#### Directions
Drop the pictures from the entries below, then reproduce the rest exactly.

═══ Dataset records ═══

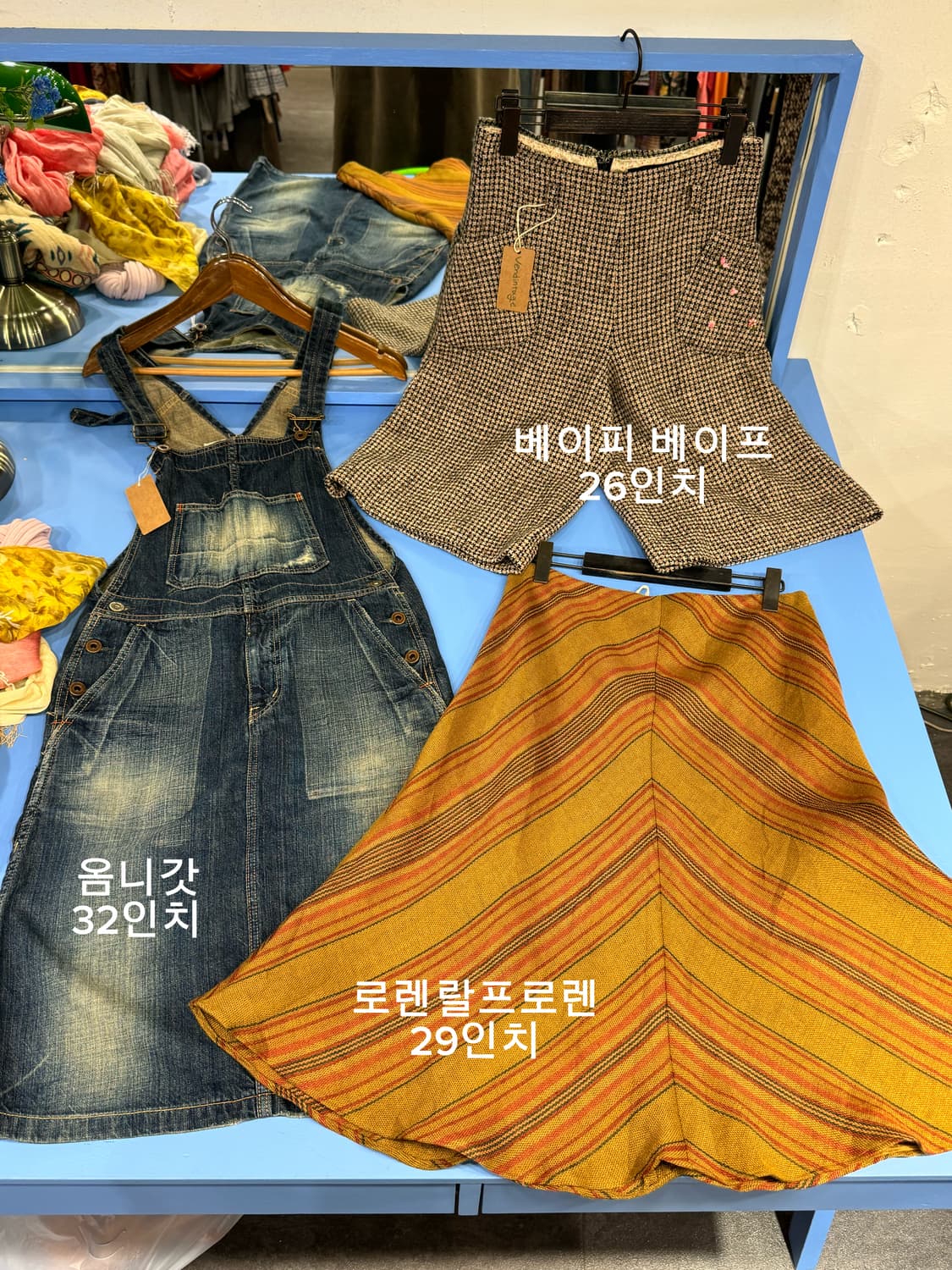 베이프,옴니갓 등 일본빈티지 장당1만8천원 상품이미지3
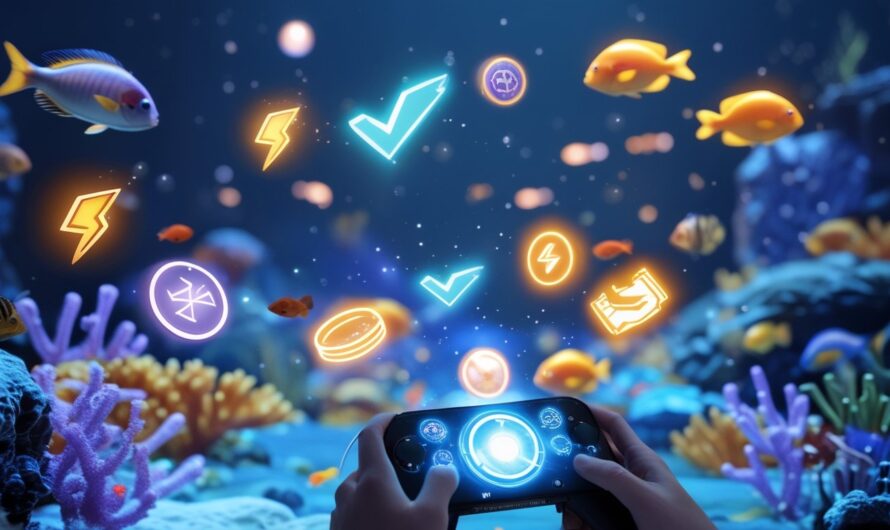 Jenis-Jenis Power-Up di Game Tembak Ikan dan Cara Menggunakannya Dengan Efektif
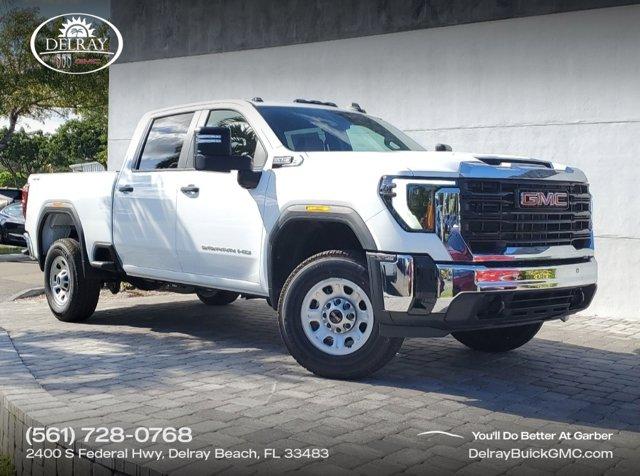 new 2026 GMC Sierra 2500 car, priced at $60,160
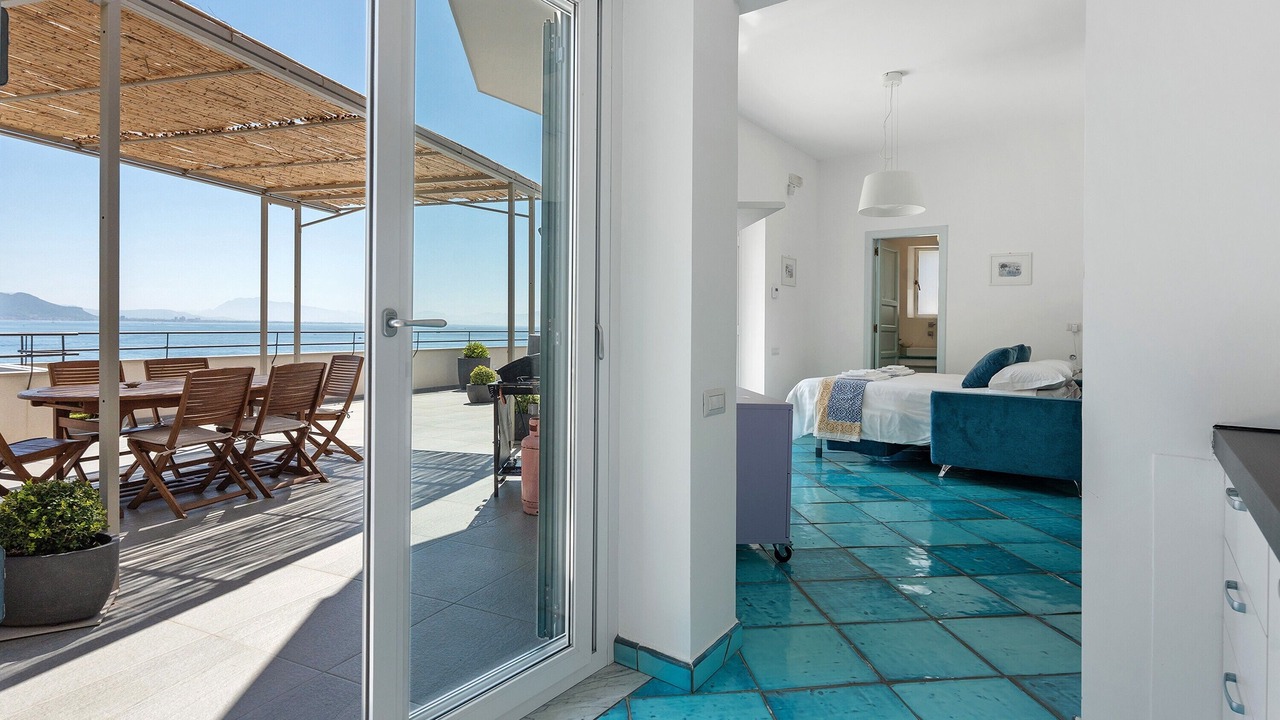 Photo of Bedroom in Vietri sul Mare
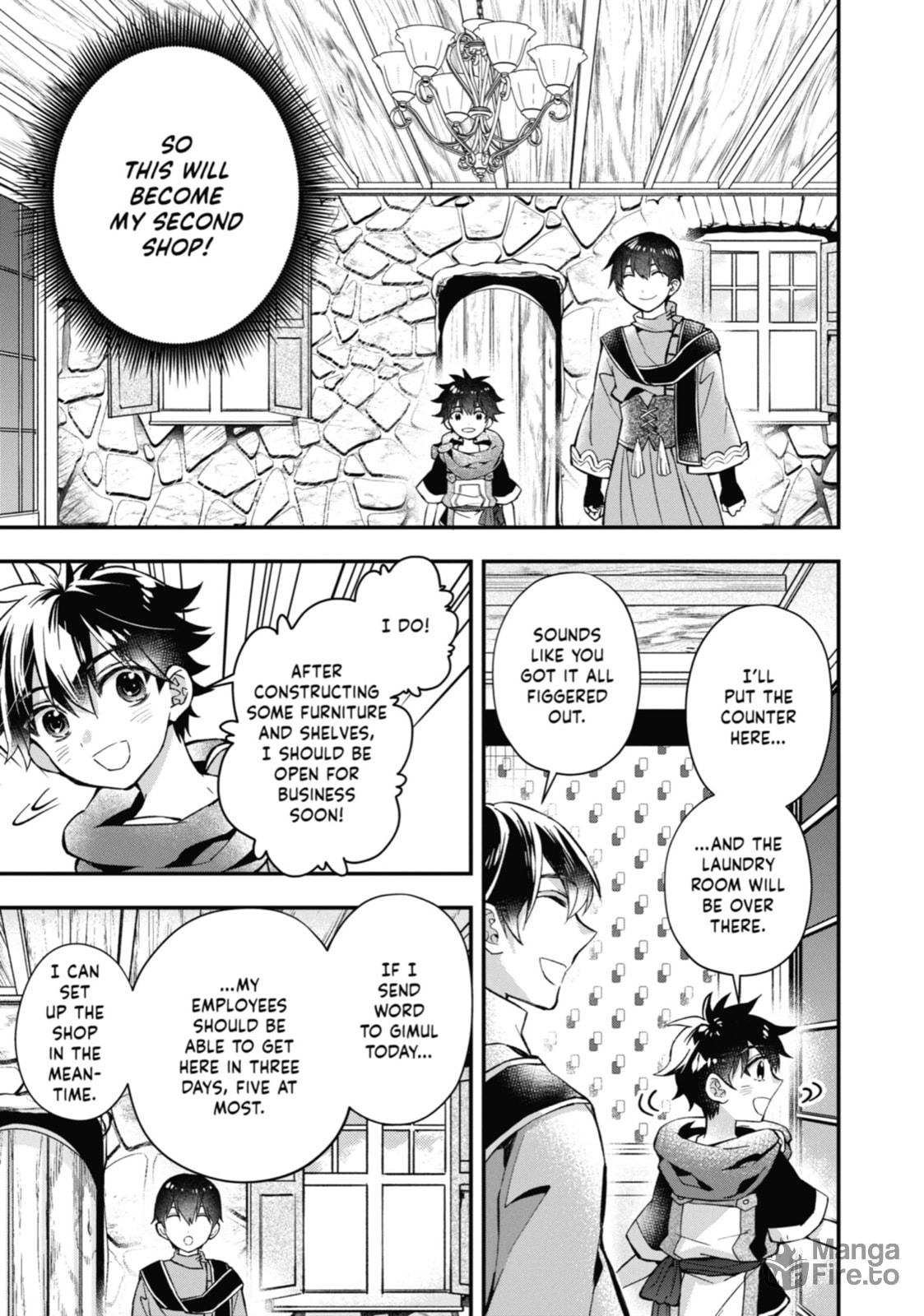 By the Grace of the Gods – Chapter 46 page 24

═══

#### Solution for this problem
 베이프,옴니갓 등 일본빈티지 장당1만8천원 상품이미지3
 Jenis-Jenis Power-Up di Game Tembak Ikan dan Cara Menggunakannya Dengan Efektif
 new 2026 GMC Sierra 2500 car, priced at $60,160
 Photo of Bedroom in Vietri sul Mare
 By the Grace of the Gods – Chapter 46 page 24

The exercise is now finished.